I think about my best friend from residency. We helped each other through our grueling rotations at the UW, ran four marathons together and were in each other’s weddings. She was one of the best doctors I knew, but she was struggling with something I could not see. She was given the same chance I was given: get help or stop practicing medicine. By then, her disease had taken over and would not let her believe there was a way out. She died from an overdose in the summer of 2024. I was in Pakistan climbing when I found out.
We had the same training. The same knowledge. The same access to help. I accepted treatment. She could not. That was the only difference.
After I lost the ability to practice, I returned to the mountains since they had always been my refuge. A place where the math was simple: work hard, prepare, and you will likely succeed. No judgement. With no patients to see and no shifts to cover, I poured everything into climbing. In 2024, I had five peaks left and set out to climb them all in one year, traveling to Nepal, Pakistan, and Tibet, where I finished on Shishapangma.
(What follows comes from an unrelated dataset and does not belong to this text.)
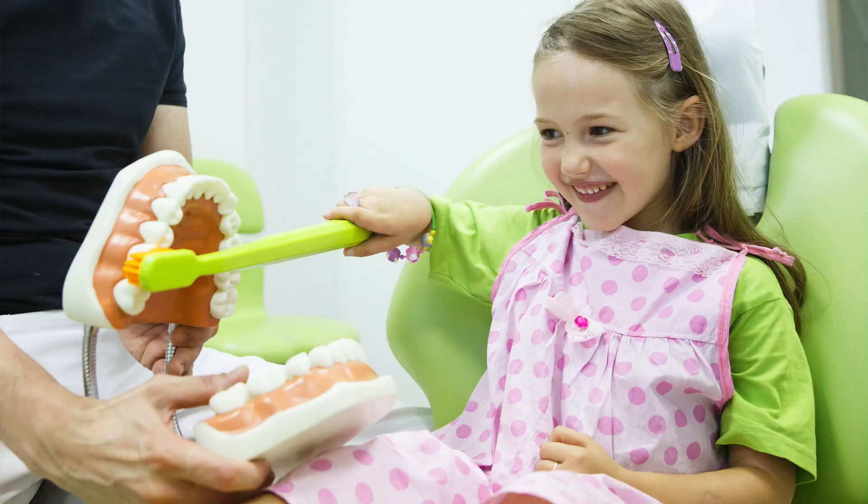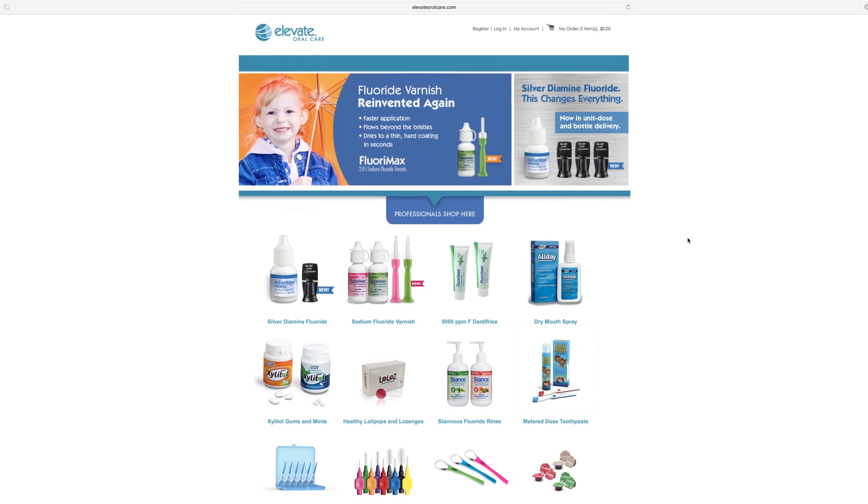Silver diamine fluoride has been used in other countries for over 80 years as a caries arresting agent. Now in the United States, in 2014, the FDA actually approved silver diamine fluoride for use as a dentin hypersensitivity agent, specifically in patients over the age of 21. It basically partially plugs those dentin tubules and helps reduce dentin hypersensitivity. A lot of dentists are currently using silver diamine fluoride as an off-label use for the prevention and ability to arrest dental caries. It's very popular in pediatric and adult populations. Currently, silver diamine fluoride is sold by a company called Elevate Oral Care and they market it as a product called Advantage Arrest.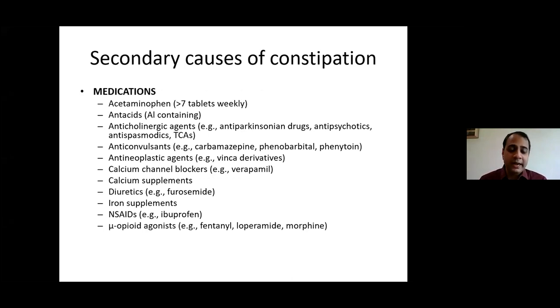In slow transit constipation, colonic muscles simply don't move, stools are very infrequent, there is lack of urge to defecate, and there is poor response to fiber supplements like isafgol. These patients have more generalized symptoms such as malaise and fatigue, and this is commonly seen in younger women. Colonic transit studies confirm the diagnosis. In defecatory disorder or pelvic floor dysynergia, the patient feels the urge constantly but reports obstructed defecation, heavy perineum, and inability to evacuate satisfactorily.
People assume the mountains taught me humility, and that is true. Above 8,000 meters you learn quickly that you cannot do it alone. You depend on your team and the climbers around you. You learn to say I need help, and no one thinks less of you for it. What I could not see was that recovery required the exact same thing. I tried to get sober on my own, without the Colorado Physician Health Program (CPHP) and without truly embracing the 12-step program. Doing it my way did not work. I relapsed, and that scared me enough to finally start listening to others.
I wish I had listened sooner. If I had reached out to CPHP before things became irreversible, before the DEA came to my office, before I stood in a federal courtroom and pled guilty, I believe my path would have been easier. I might not have lost the ability to practice for two years, and I would not carry the permanent consequences that I do.
In late 2024, the Colorado Medical Board lifted the restrictions on my practice with the stipulation that I stay in monitoring with CPHP for five years. I am now three and a half years sober and my life is completely different. I found IDAA, the International Doctors in Alcoholics Anonymous, and have become deeply involved in helping other physicians in recovery. I learned I was not alone.
I share my story because I know what it feels like to believe there is no way out. Recovery is possible. Discovering IDAA and working alongside CPHP gave me the hope and tools I needed to do it.
If you are reading this and you are struggling, you are not alone. As many as one in five women physicians will face alcohol use disorder during their careers. You do not have to hit the bottom I hit to ask for help. CPHP is there. You just have to reach out.
I will be sharing more of this story at the CMS Annual Meeting this September. I hope to see you there.